El rugido unísono proviene de la explanada del INE, donde una marabunta de playeras, polos y gorras rojas con el emblema del sindicato de mineros, y el rostro del líder sindical Napoleón Gómez Urrutia, abarca prácticamente el 80% de la superficie del mini-zócalo del Instituto Electoral.

Andrés Manuel, vestido con un sobrio traje negro, camisa blanca, y corbata roja con rayas blancas, abre la puerta del copiloto y nada más abandonar el vehículo lo recibe un joven que le pide un autógrafo. El dirigente de Morena observa de reojo su reloj, y se cerciora de que llegó cinco minutos antes de lo previsto.
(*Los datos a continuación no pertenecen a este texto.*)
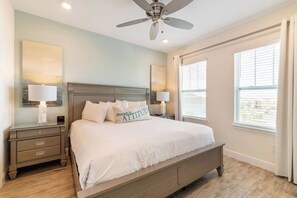 5 bedrooms, in-room safe, iron/ironing board, free WiFi - Spacious Cottage with Private Pool near Disney with Margaritaville Resort &. (Kissimmee)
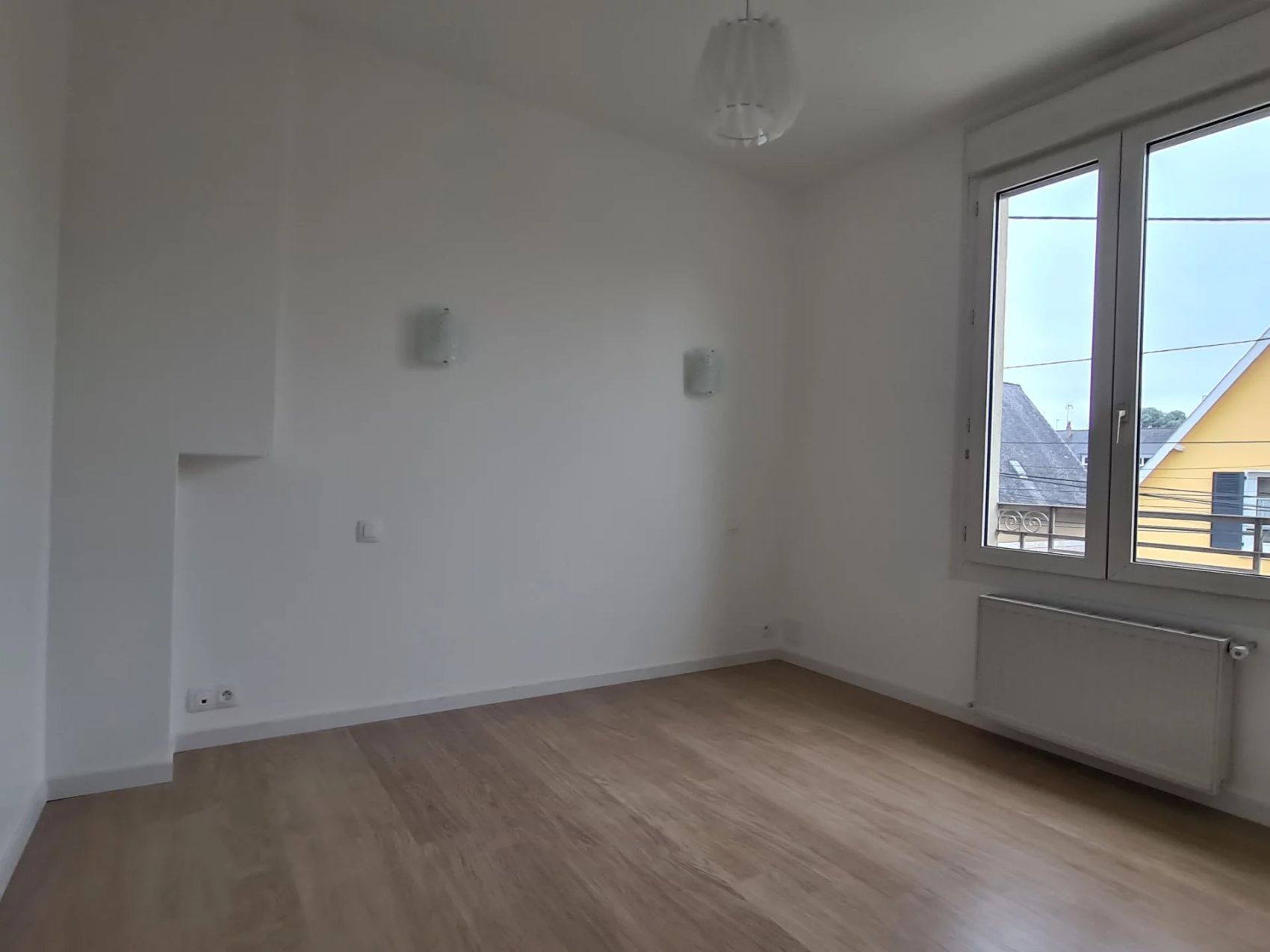 maison totalement rénovée à vendre au mans avec 2 chambres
Acepta la pluma y firma de manera mecánica el ejemplar sobre la portada de uno de sus libros. Luego se toma el selfie de rigor y con el gesto serio toma de la mano a su esposa, Beatriz Gutiérrez Müller, quien acompaña al tabasqueño durante todo el evento.

Con paso renqueante, Andrés Manuel y su pareja quieren avanzar a través de una legión de fotógrafos que les dispara flashazos a bocajarro. Pero varias veces tienen que detenerse. El tabasqueño aprovecha y saluda con el pulgar en alto a los mineros que le gritan presidente mientras despliegan una enorme pancarta con su rostro y el de Napoleón Gómez Urrutia; quien se exilió en Canadá desde 2006 luego de que lo acusaran por un desvío millonario, y que fue invitado por Morena en esta campaña para ir en la lista de plurinominales para el Senado de la República.

Omar, un joven que viste un polo que reza ‘Exigimos al gobierno garantías para el regreso de Napoleón Gómez Urrutia’, asegura que el líder sindical es un “perseguido político”, tal y como también opinó el propio López Obrador el pasado 19 de febrero, cuando dijo que Napoleón “ha sido perseguido y estigmatizado por la propaganda oficial y oficiosa”.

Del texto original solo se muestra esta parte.